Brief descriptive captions
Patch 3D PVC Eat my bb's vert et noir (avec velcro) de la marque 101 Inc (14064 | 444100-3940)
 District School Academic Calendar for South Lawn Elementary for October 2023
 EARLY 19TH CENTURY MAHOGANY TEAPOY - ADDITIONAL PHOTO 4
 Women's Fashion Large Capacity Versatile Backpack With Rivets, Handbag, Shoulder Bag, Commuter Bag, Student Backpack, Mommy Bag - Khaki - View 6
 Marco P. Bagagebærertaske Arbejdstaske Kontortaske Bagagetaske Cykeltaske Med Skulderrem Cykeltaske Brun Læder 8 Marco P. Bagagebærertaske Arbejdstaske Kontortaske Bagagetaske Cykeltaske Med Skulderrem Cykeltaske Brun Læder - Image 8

● Exercise details:
A verbatim restatement of all the entries above is required.

● Written solution:
Patch 3D PVC Eat my bb's vert et noir (avec velcro) de la marque 101 Inc (14064 | 444100-3940)
 District School Academic Calendar for South Lawn Elementary for October 2023
 EARLY 19TH CENTURY MAHOGANY TEAPOY - ADDITIONAL PHOTO 4
 Women's Fashion Large Capacity Versatile Backpack With Rivets, Handbag, Shoulder Bag, Commuter Bag, Student Backpack, Mommy Bag - Khaki - View 6
 Marco P. Bagagebærertaske Arbejdstaske Kontortaske Bagagetaske Cykeltaske Med Skulderrem Cykeltaske Brun Læder 8 Marco P. Bagagebærertaske Arbejdstaske Kontortaske Bagagetaske Cykeltaske Med Skulderrem Cykeltaske Brun Læder - Image 8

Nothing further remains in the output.